● ACTIVITY: Leave out the pictures and output exactly the lines below from the one with "Ford Explorer Sport" down to the one with "Motel & Hotel", both of them included.

● EXTRACTED MATERIAL:
* * *

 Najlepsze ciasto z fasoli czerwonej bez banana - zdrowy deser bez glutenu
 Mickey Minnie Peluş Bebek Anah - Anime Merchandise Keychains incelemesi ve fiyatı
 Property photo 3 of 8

* * *

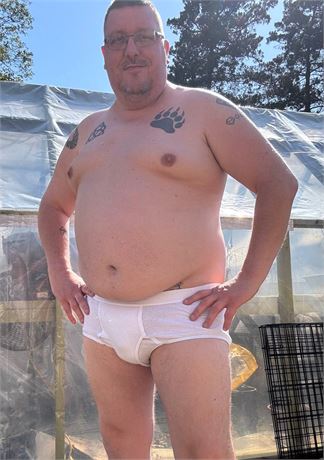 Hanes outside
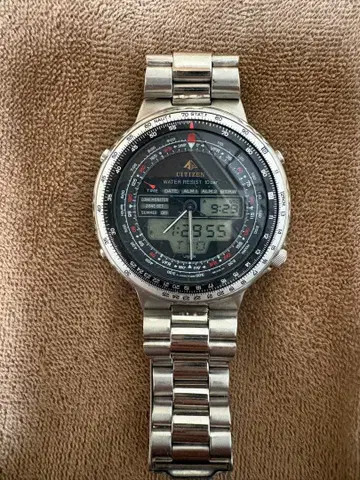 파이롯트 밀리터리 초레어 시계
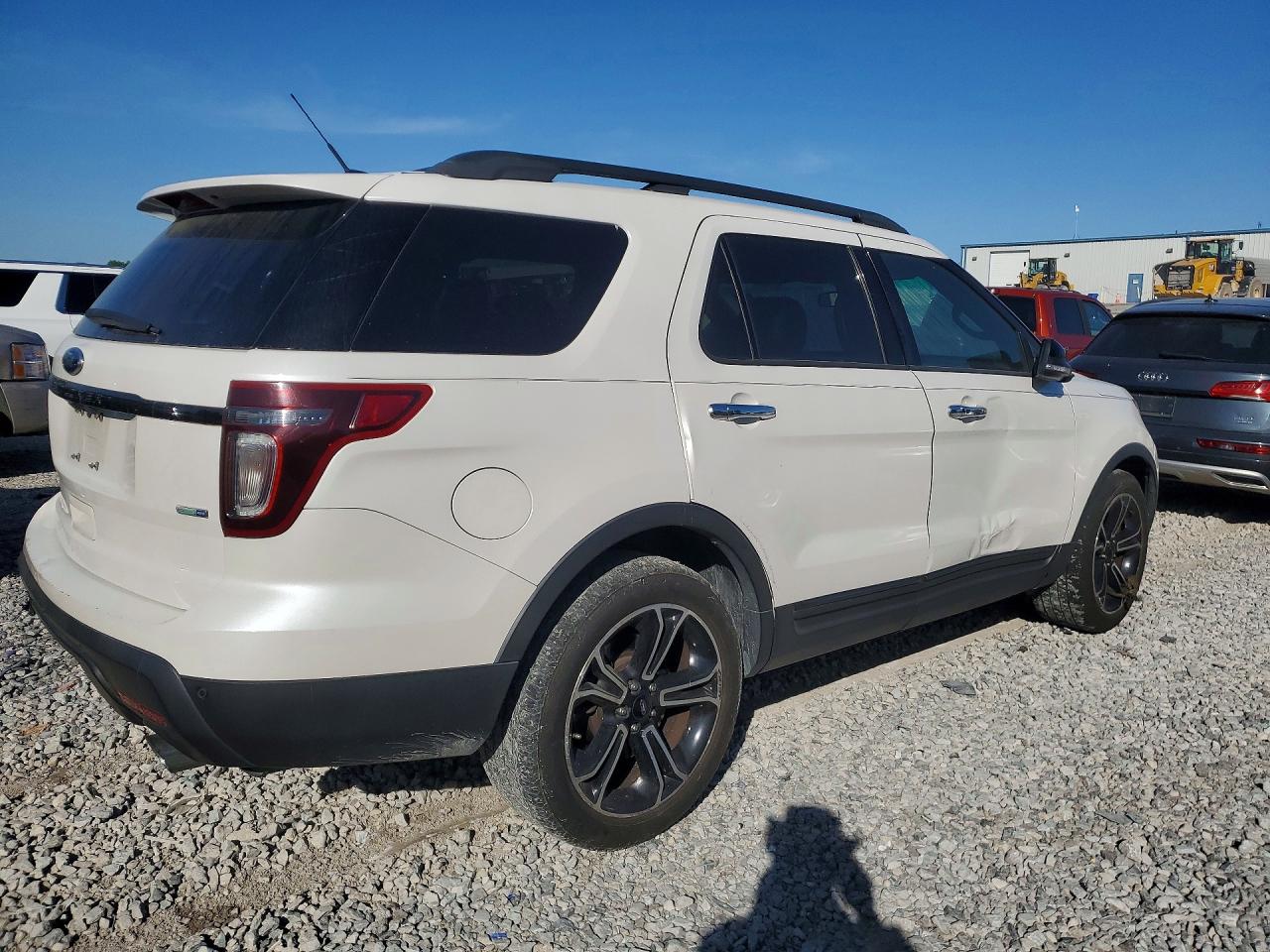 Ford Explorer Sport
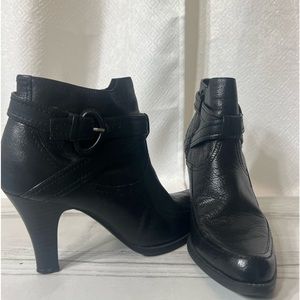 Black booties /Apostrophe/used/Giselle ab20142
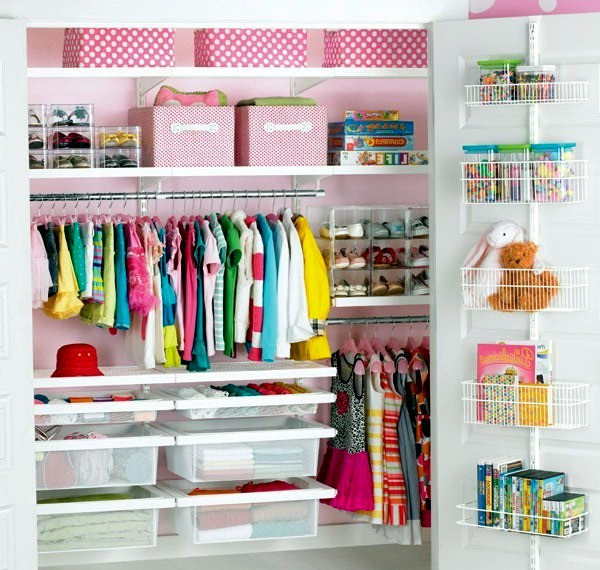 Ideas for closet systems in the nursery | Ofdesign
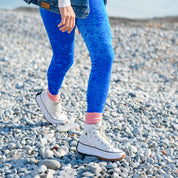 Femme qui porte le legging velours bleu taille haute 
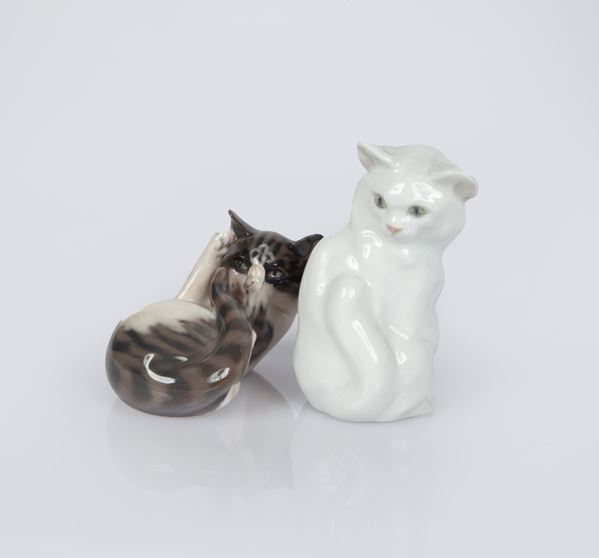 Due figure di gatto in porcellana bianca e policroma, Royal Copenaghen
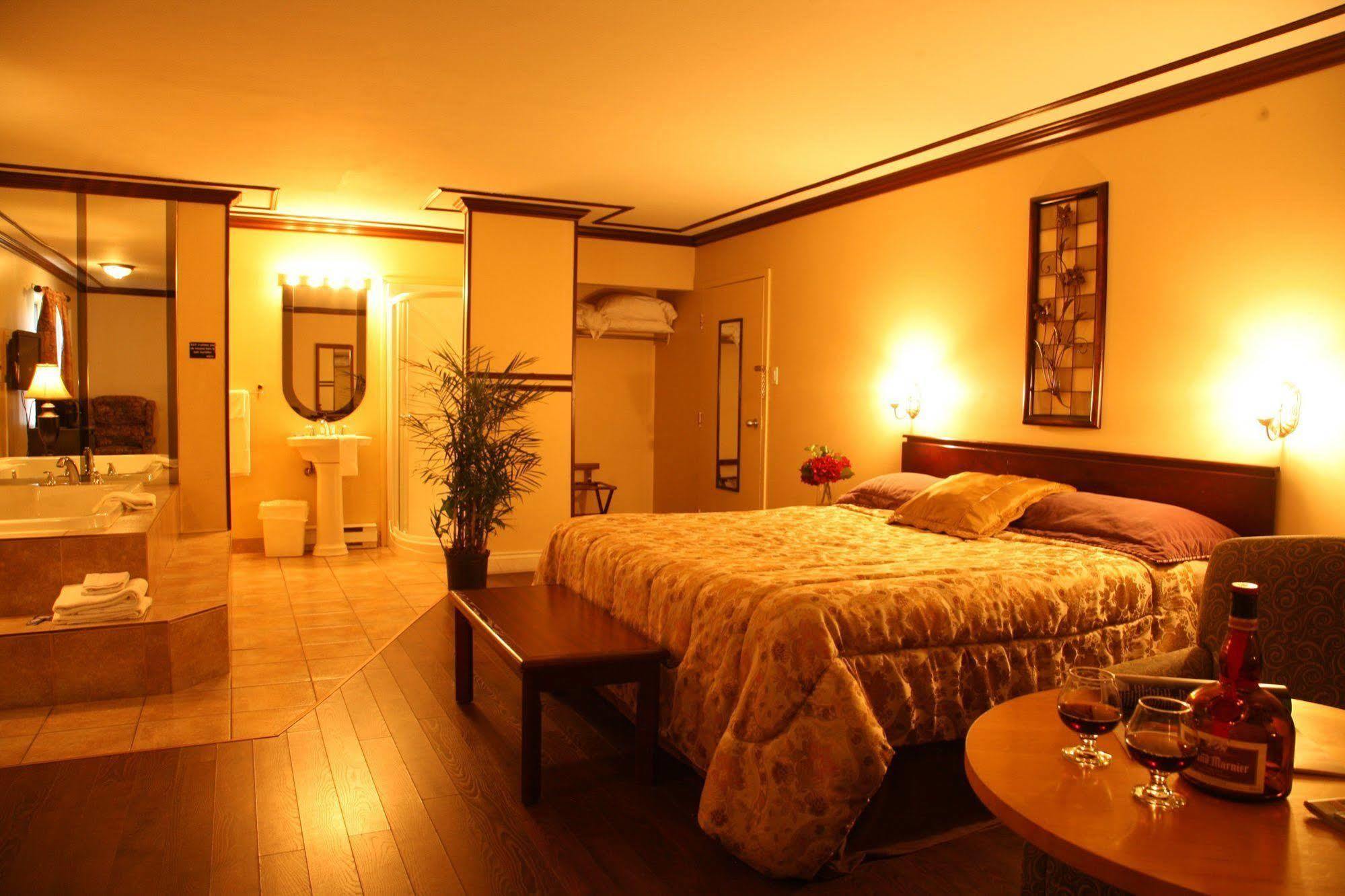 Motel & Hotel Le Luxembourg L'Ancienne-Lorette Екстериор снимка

* * *

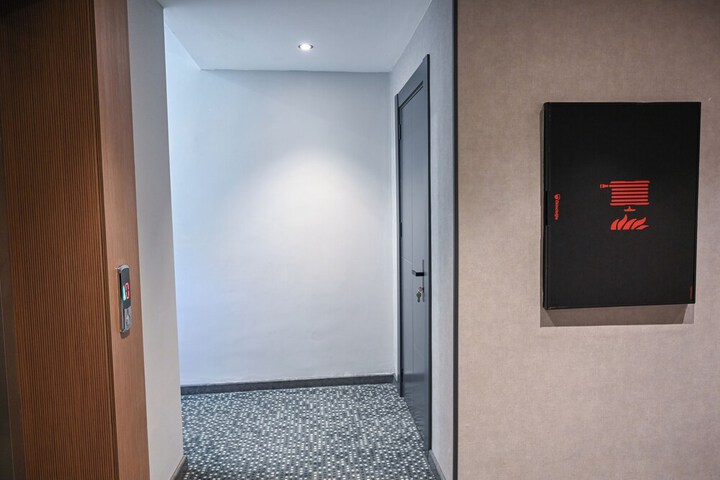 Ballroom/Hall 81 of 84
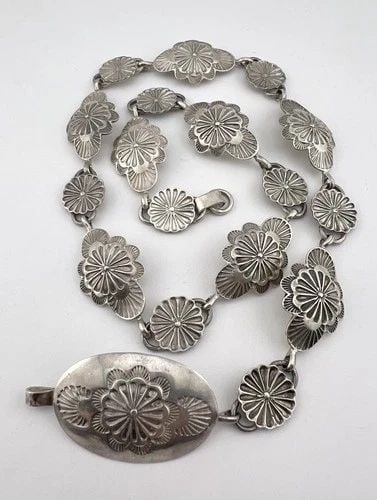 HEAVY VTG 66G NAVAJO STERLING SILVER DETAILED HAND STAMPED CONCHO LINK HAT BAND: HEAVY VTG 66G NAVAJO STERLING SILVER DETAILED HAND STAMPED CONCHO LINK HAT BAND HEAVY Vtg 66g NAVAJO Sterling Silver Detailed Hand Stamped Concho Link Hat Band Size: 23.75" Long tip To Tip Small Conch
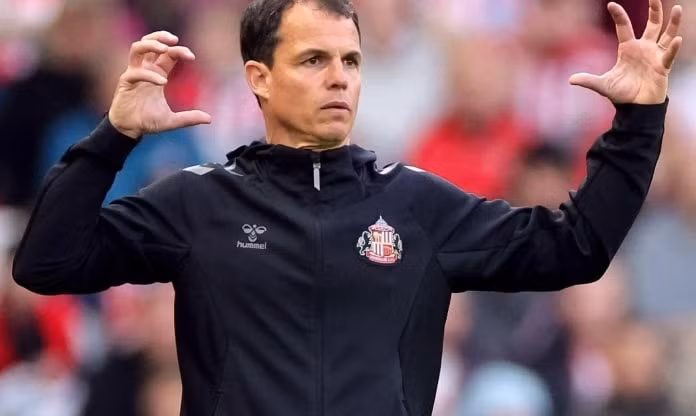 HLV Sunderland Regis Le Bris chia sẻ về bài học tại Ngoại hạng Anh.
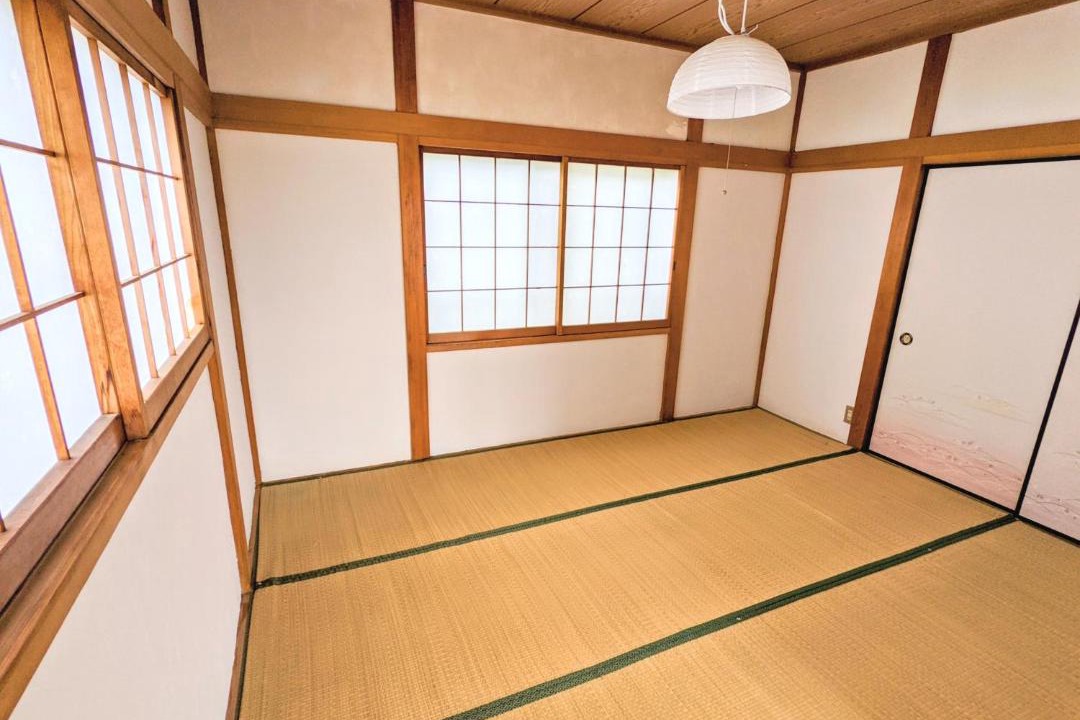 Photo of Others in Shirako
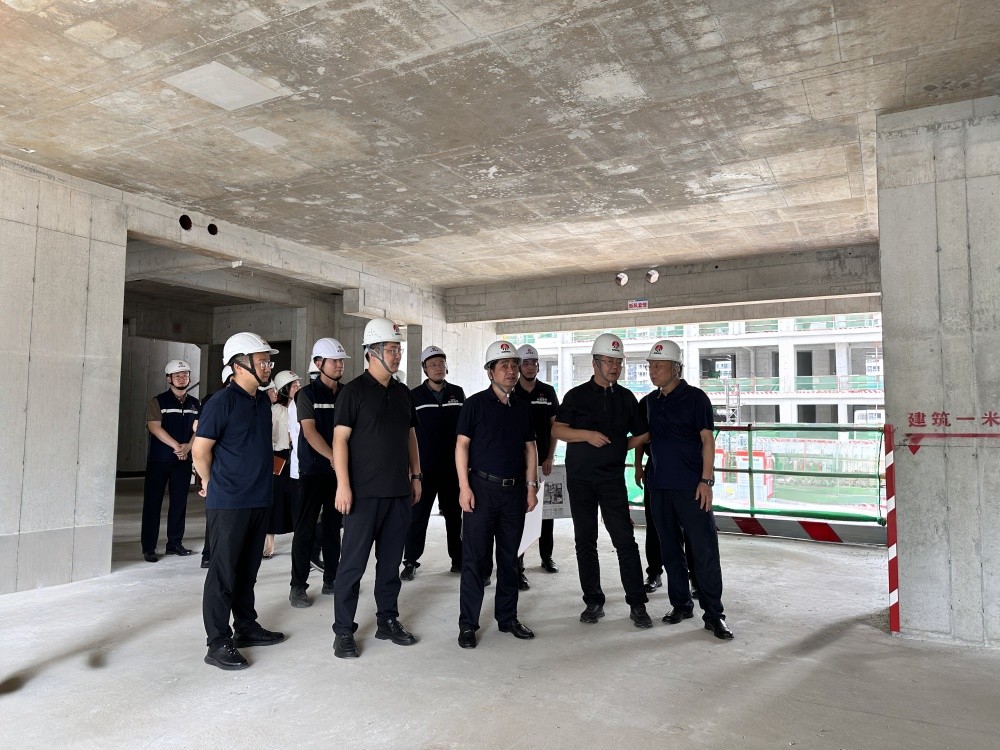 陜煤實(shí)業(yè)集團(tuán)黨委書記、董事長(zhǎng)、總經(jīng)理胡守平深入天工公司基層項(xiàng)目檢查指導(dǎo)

* * *

● RESULT:
 Ford Explorer Sport
 Black booties /Apostrophe/used/Giselle ab20142
 Ideas for closet systems in the nursery | Ofdesign
 Femme qui porte le legging velours bleu taille haute 
 Due figure di gatto in porcellana bianca e policroma, Royal Copenaghen
 Motel & Hotel Le Luxembourg L'Ancienne-Lorette Екстериор снимка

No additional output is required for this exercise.